_DESCRIPTION OF THE TASK:_ Set every entry below down once more, exactly as it stands, without images.

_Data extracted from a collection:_

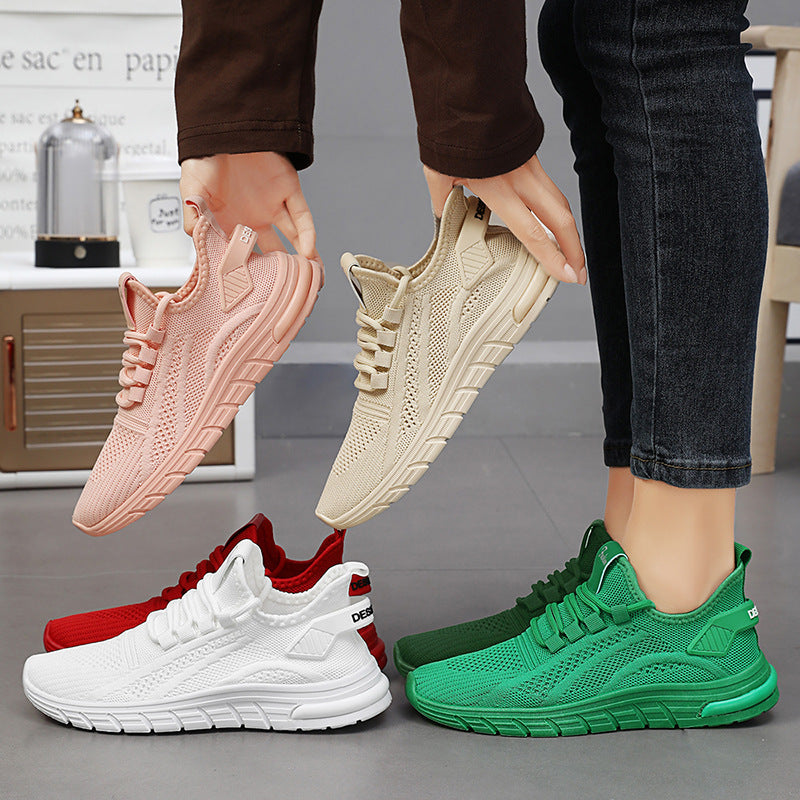 Women's Autumn Fashion Air Cushion Flying Woven Casual Shoes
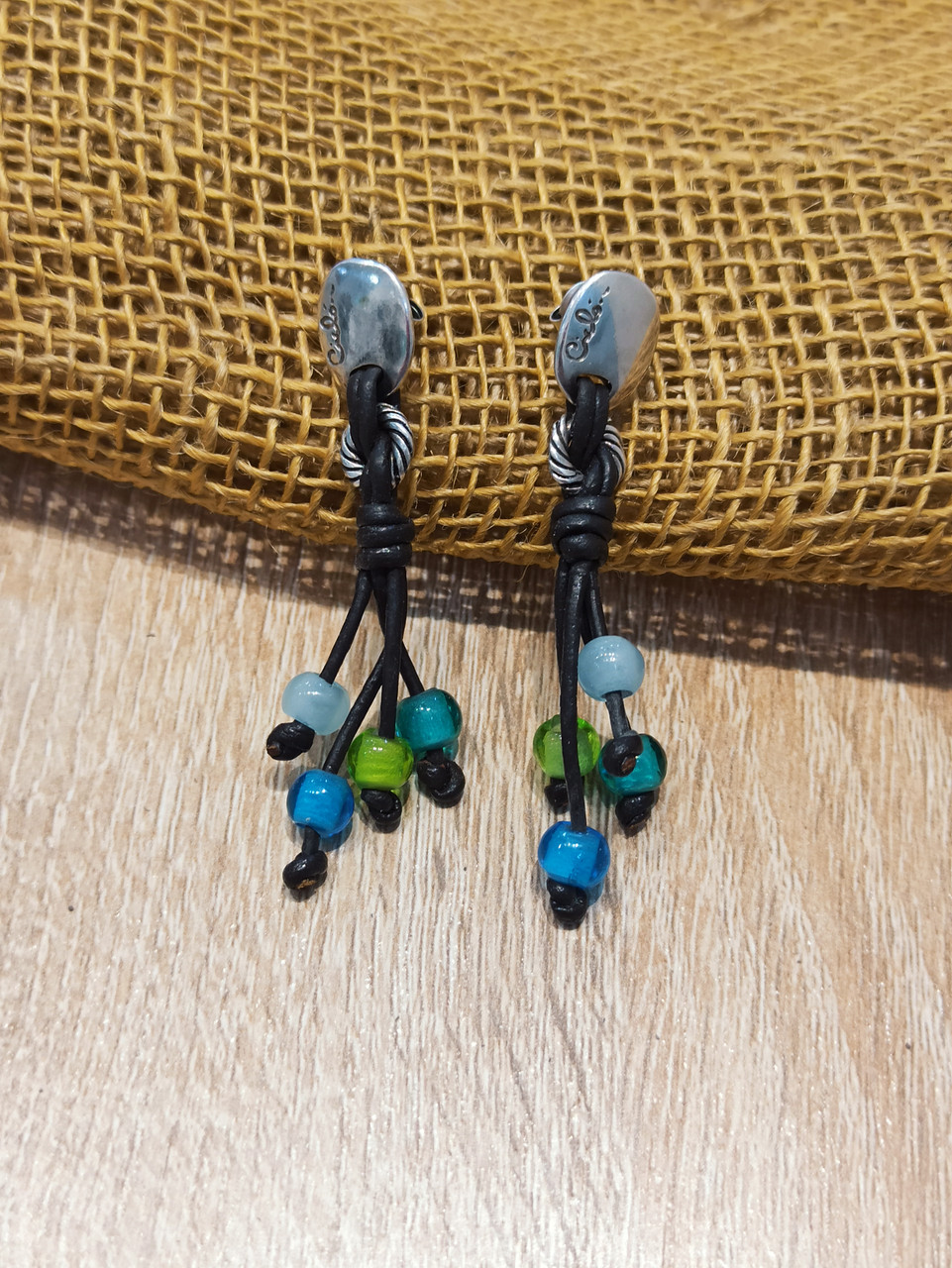 Серьги / кожа / ЕВ 54 ( пр. Абая 141 ), фото 1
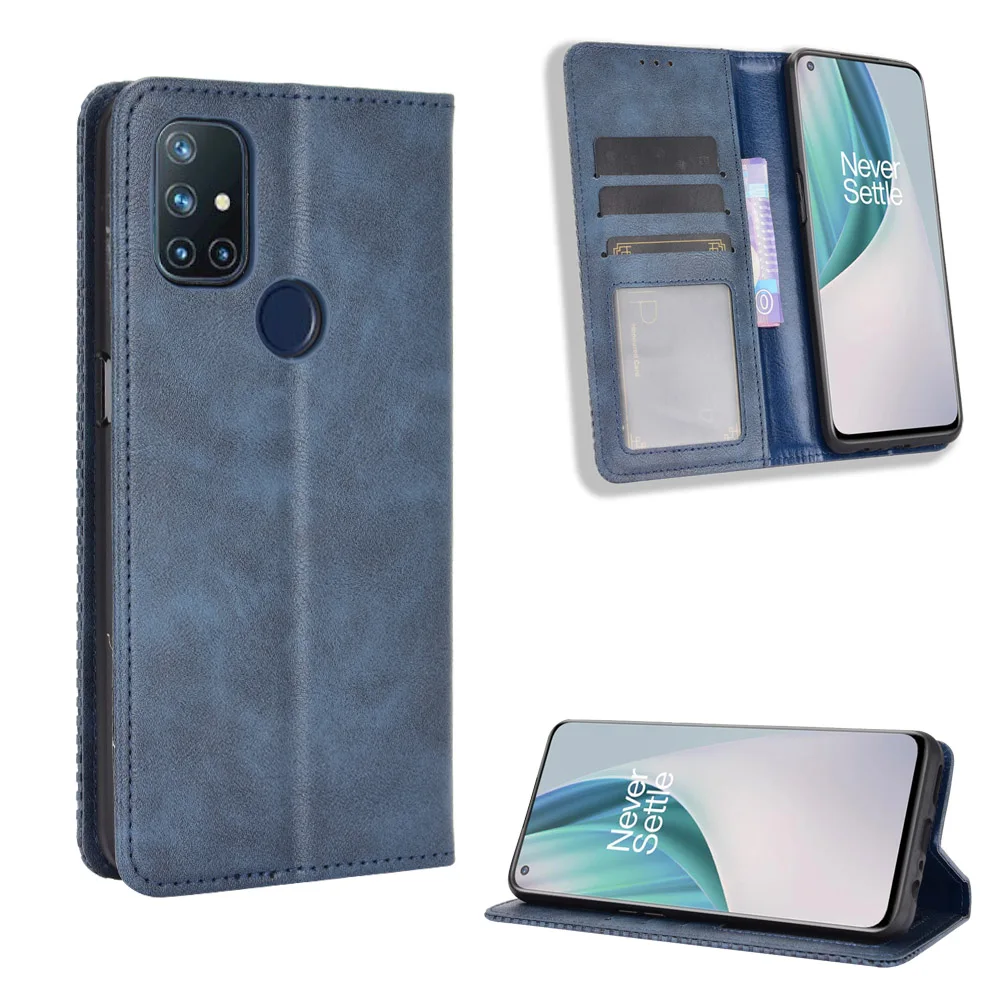 For One Plus Nord N10 5G Case Premium Leather Wallet Leather Flip Case For Oneplus Nord N100 N 10 100 1+Nord N10 5G Case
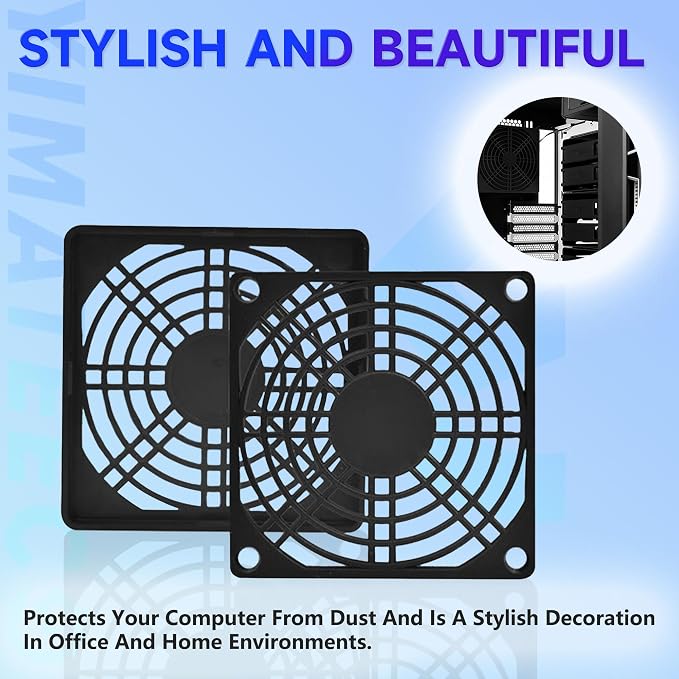 Dust Filter PC 80mm Cooling Fan Filter Dustproof Cover, 2 Pack PC Case Fan - Image 5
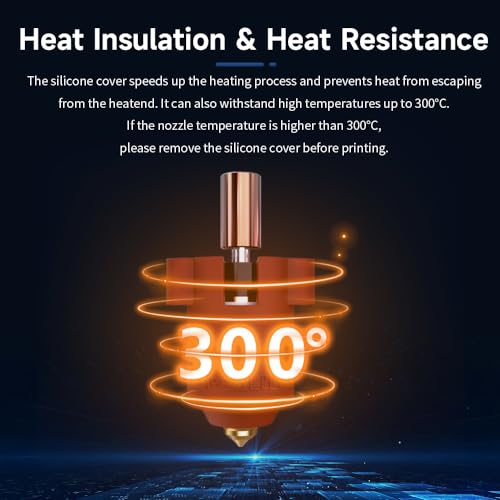 Creality K1C Silicone Socks, K2 SE Silicone Cover, 3D Printer Hotend Heat Insulation Case Heating Block Cover for Creality Ender 3 V3 Plus/Ender 3 V3 KE/Ender 3 V3 SE/K1 SE/K1/K1 Max(3PCS) - size: K2 SE/K1 Series/Ender 3 V3 Series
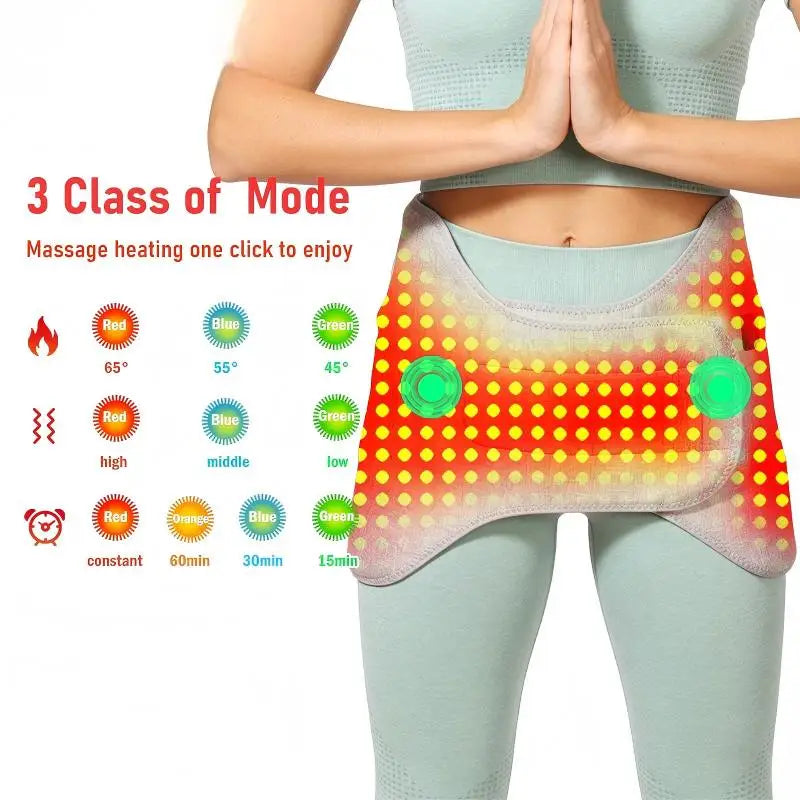 Red Light Heating Waist-Hip Protector Abdominal Vibration Massage Relieves Menstrual Pain Promotes Waist-Hip Relaxation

_WRITTEN ANSWER:_
 Women's Autumn Fashion Air Cushion Flying Woven Casual Shoes
 Серьги / кожа / ЕВ 54 ( пр. Абая 141 ), фото 1
 For One Plus Nord N10 5G Case Premium Leather Wallet Leather Flip Case For Oneplus Nord N100 N 10 100 1+Nord N10 5G Case
 Dust Filter PC 80mm Cooling Fan Filter Dustproof Cover, 2 Pack PC Case Fan - Image 5
 Creality K1C Silicone Socks, K2 SE Silicone Cover, 3D Printer Hotend Heat Insulation Case Heating Block Cover for Creality Ender 3 V3 Plus/Ender 3 V3 KE/Ender 3 V3 SE/K1 SE/K1/K1 Max(3PCS) - size: K2 SE/K1 Series/Ender 3 V3 Series
 Red Light Heating Waist-Hip Protector Abdominal Vibration Massage Relieves Menstrual Pain Promotes Waist-Hip Relaxation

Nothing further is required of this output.